Goal of the exercise >> Drop every picture and copy exactly the lines from the one with "2025属鸡今年有一难 属鸡人2025年综合运势" through the last line of the listing below.

··· Source data ···

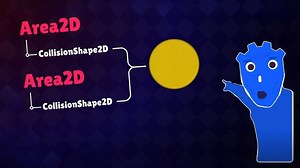 【Godot4.6】这更新拯救了多少开发者！资源管理噩梦终结者 #Godot #游戏开发 #Godot4.6 #资源管理 #独立游戏 #游戏引擎 #程序员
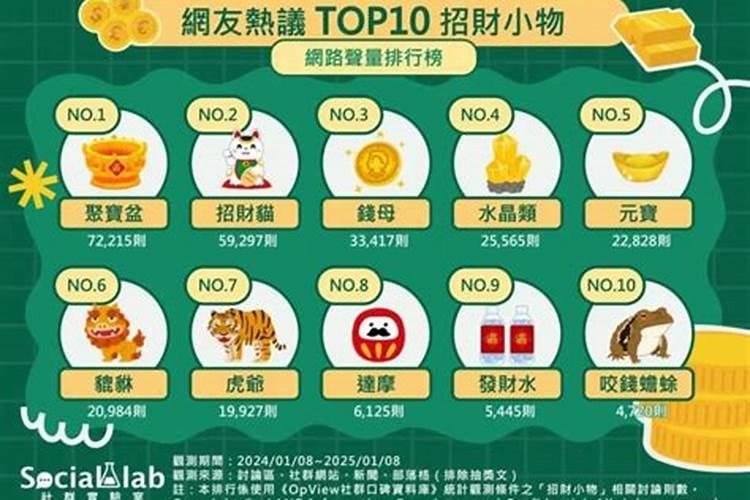 2025属鸡今年有一难 属鸡人2025年综合运势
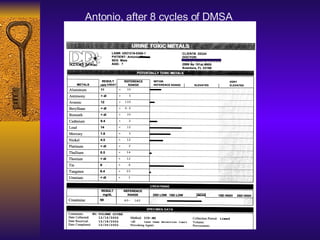 Antonio, after 8 cycles of DMSA 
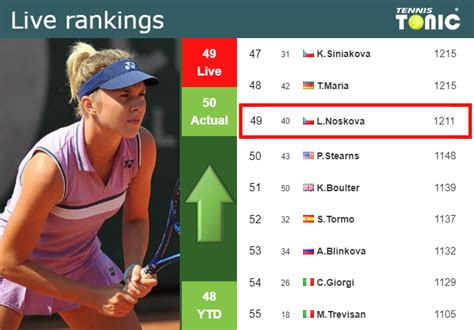 LIVE RANKINGS. Noskova betters her rank just before playing Kessler at the Australian Open ...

···

Your solution >>
 2025属鸡今年有一难 属鸡人2025年综合运势
 Antonio, after 8 cycles of DMSA 
 LIVE RANKINGS. Noskova betters her rank just before playing Kessler at the Australian Open ...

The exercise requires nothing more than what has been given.